Search for pg-formatter in Atom UI or get it via command line:

    apm install pg-formatter

Usage:

Hit Ctrl-Alt-F to format selected text (or a whole file) or define your
shortcut:

    'ctrl-alt-p': 'pg-formatter:format'

Also, you can automatically format SQL files on save (disabled by
default).

You can download the package from url:

        https://atom.io/packages/pg-formatter

the sources are available at https://github.com/gajus/pg-formatter

Thanks to Alex Fedoseev for the atom package.

Formatting from Visual Studio Thanks to Brady Holt a Visual Studio Code extension is available to formats PostgresSQL SQL using pgFormatter.

        https://marketplace.visualstudio.com/items?itemName=bradymholt.pgformatter

For installation and use have a look at URL above.

Prevent replacing code snippets Using -p or --placeholder command line option it is possible to keep code untouched by pgFormatter in your SQL queries. For example, in query like:

        SELECT * FROM projects WHERE projectnumber
                IN <<internalprojects>> AND username = <<loginname>>;

you may want pgFormatter to not interpret << and >> as bit-shift
keywords and modify your code snippets. You can use a Perl regular
expression to instruct pgFormatter to keep some part of the query
untouched. For example:

        pg_format samples/ex9.sql -p '<<(?:.*)?>>'

will not format the bit-shift like operators.

If you would like to wrap queries after 60 characters (-w 60) and to
apply that limit to comments as well (-C), then urls in comments may get
wrapped. If you would prefer not to wrap urls, you can use a regular
expression to avoid wrapping urls. For example:

        pg_format samples/ex62.sql -C -w 60 -p 'https?:\/\/(www\.)?[-a-zA-Z0-9@:%._\+~#=]{1,256}\.[a-zA-Z0-9()]{1,6}\b([-a-zA-Z0-9()@:%_\+.~#?&//=]*)'

will wrap the queries and the comments, but not the urls.

Prevent dynamic code formatting By default pgFormatter takes all code between single quote as string constant and do not perform any formatting on this code. It is common to use a string as code separator to avoid doubling single quote in dynamic code generation, in this case pgFormatter can fail to auto detect the code separator. By default it will search for any string after the EXECUTE keyword starting with dollar sign. If it can not auto detect your code separator you can use the command line option -S or --separator to set the code separator that must be used.

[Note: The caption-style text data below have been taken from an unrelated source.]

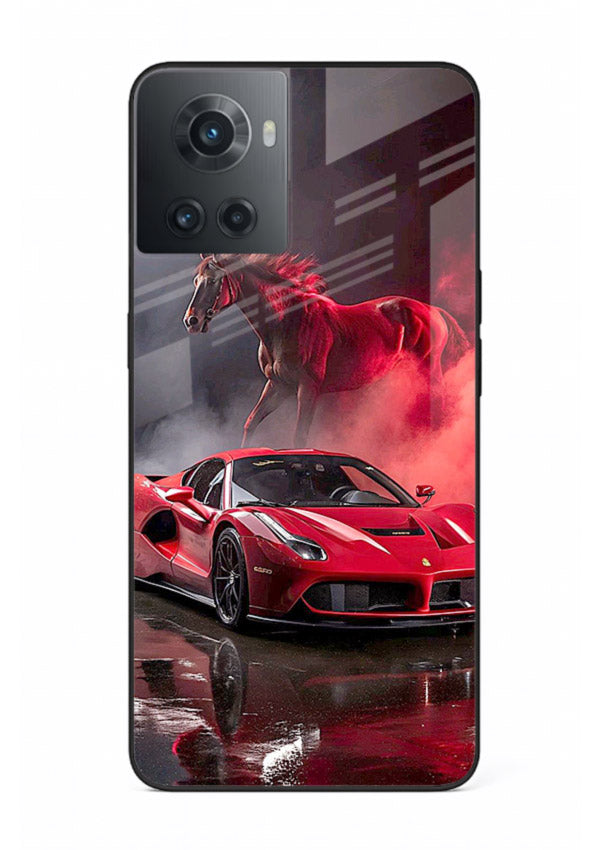 Red supercar with horse silhouette printed on tempered glass OnePlus 10R back cover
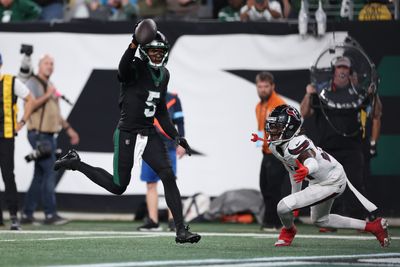 End zone angle of Garrett Wilson’s touchdown for Jets vs. Texans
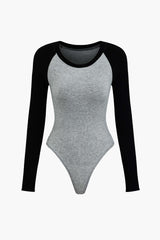 Contrast Crew Neck Raglan Sleeve Bodysuit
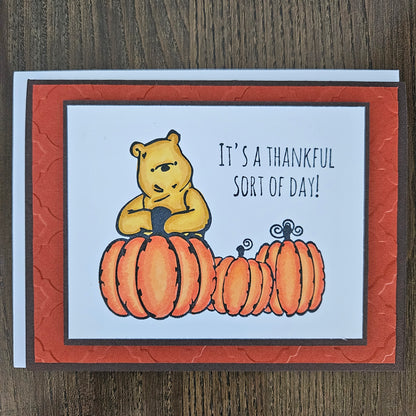 Handmade Thanksgiving Card, Winnie the Pooh Fall Greeting Card, It's a Thankful Sort of Day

Node.js thin-wrapper Gajus Kuizinas has written a Node.js wrapper for executing pgFormatter. You can find it at https://github.com/gajus/pg-formatter

Customize CSS for the CGI output You can change the HTML style rendered through the default CSS style by creating a file named custom_css_file.css into the pgFormatter CGI script directory. The default CSS will be fully overridden by this custom file content. You have to look at the generated HTML output to get the default CSS code used.

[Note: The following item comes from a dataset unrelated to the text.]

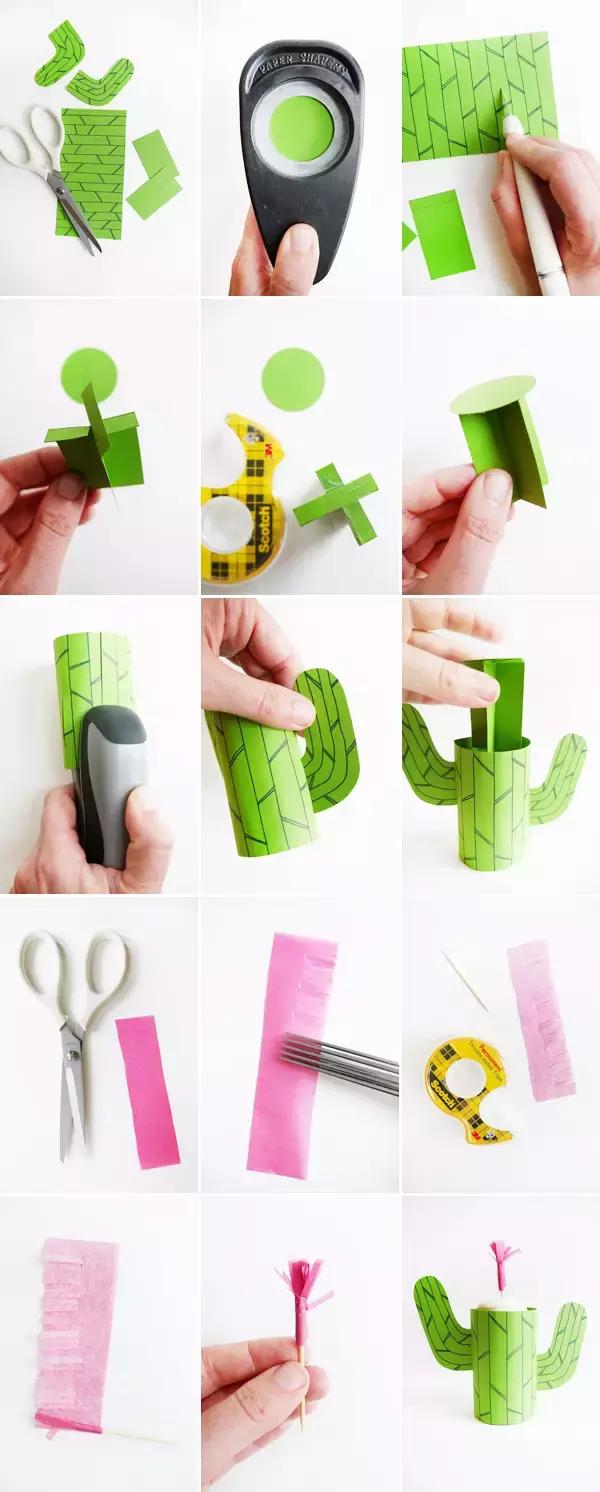 手工卡纸仙人掌盆栽幼儿园,仙人掌手工制作卡纸立体小学生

Using pgFormatter as an API You may use pgFormatter as an API by setting the 'Accept' HTTP header to value 'application/json' when calling it as a CGI app. In case you do not want to enable this feature, set "$self->{ 'enable_api' } = 0" in the "set_config" sub of lib/pgFormatter/CGI.pm.

AUTHORS pgFormatter is an original work from Gilles Darold with major code refactoring by Hubert depesz Lubaczewski.

COPYRIGHT Copyright 2012-2024 Gilles Darold. All rights reserved.

LICENSE pgFormatter is free software distributed under the PostgreSQL Licence.

A modified version of the SQL::Beautify Perl Module is embedded in
pgFormatter with copyright (C) 2009 by Jonas Kramer and is published
under the terms of the Artistic License 2.0.